Le bruit sourd annonçant la fermeture des portes a retenti, j'ai alors eu un sursaut et j'ai regardé Zoé... Manon ne tenait plus la poussette, elle n'était plus là... devant moi, de nouveaux visages me bouchaient la vue et j'ai juste eu le temps de secouer ma main en l'air et de dire "Jean-Phi, où est Manon?????!!!!" Les gens ont tilté, se sont écartés de mon champ de vision et j'ai vu Manon seule, stoïque sur le quai, les yeux écarquillés... le métro repartait... Jean-Phi m'a regardée, il a compris dans mes yeux que j'étais pétrifiée, et incapable d'agir... Il a bondi sur la porte automatique, l'a écartée de force et y a mis son bras... une personne l'a aidé et Jean-Phi a réussi à s'extirper et à tomber sur le quai, la chaussure encore coincée par le caoutchouc noir de la porte automatique, alors que le métro démarrait ...

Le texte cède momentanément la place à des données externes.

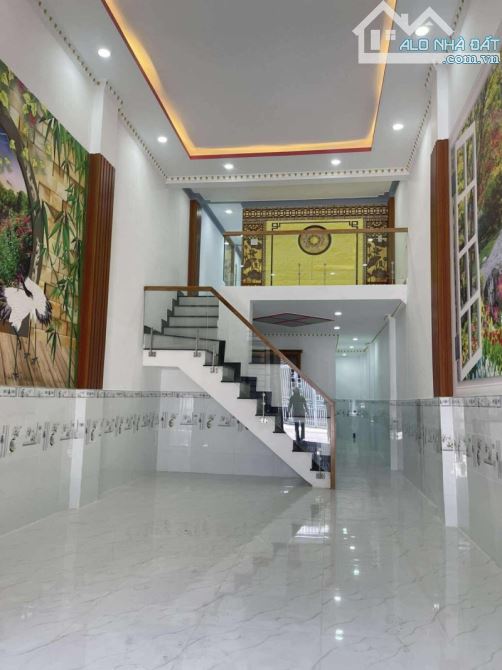 BÁN NHÀ ĐẸP MẶT TIỀN-3PN-2WC-GẦN KHU CÔNG NGHIỆP-CHỢ VĨNH LỘC A - 1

J'ai juste aperçu ses yeux triomphants et rassurants, et le tunnel est arrivé, pour le wagon, et pour moi... j'ai senti venir le malaise et mon beau-frère est accouru pour me soutenir et me dire "respire, ça va aller, il est avec elle..."... Zoé tétouillait toujours son lapin et avait même trouvé sa tétine... j'avais chaud, froid... il me fallait de l'air...
J'ai eu le temps d'imaginer le pire, c'est incroyable ce que le cerveau humain peut pulser quand il est en panique. J'ai envisagé plein de scénarios affolants : Manon seule sur le quai, qui angoisse, part dans tous les sens, et tombe sur les rails... Manon qui pleure, reste immobile, et un individu s'approche pour lui dire "je vais te ramener à ta maman, viens avec moi" et elle disparaît avec cet inconnu, qui l'éloigne de sa vraie vie, pour lui en bâtir une autre, une méchante vie bien sûr...
J'ai ressenti une angoisse terrible, comparable à celle qui survient quand vous avez votre bambin sous les yeux dans le rayon lessive d'un supermarché... que vous lui dites "tu bouges pas de là" et que vous tentez comme une malade d'attraper le bidon le moins cher perché tout là haut... et quand vous le tenez enfin, triomphante, et bien le cher petit n'est plus là, envolé, disparu... la scène classique qui donne des suées froides et apprend ce qu'est la culpabilité maternelle...
Tout s'est bien terminé, vous vous en doutez. Jean-Phi m'a appelé sur le portable pour me dire : "tout va bien, je prends le métro suivant et je vous rejoins..."... Manon n'a pas eu le temps d'avoir peur car elle n'a pas vraiment compris... à la limite, je pense qu'elle a cru que c'étaient nous les farfelus, qui avions oublié de descendre... Elle m'a juste dit "bah maman, tu m'avais dit un métro???" J'ai pris ma nénette dans les bras et je l'ai serrée très fort.
je peux vous dire que la visite des trains sur les Champs Elysées s'est faite "à l'ancienne", c'est à dire petites mains cramponnées à ma poussette et aucune possiblité de regarder quoique ce soit sans m'avoir sur le dos!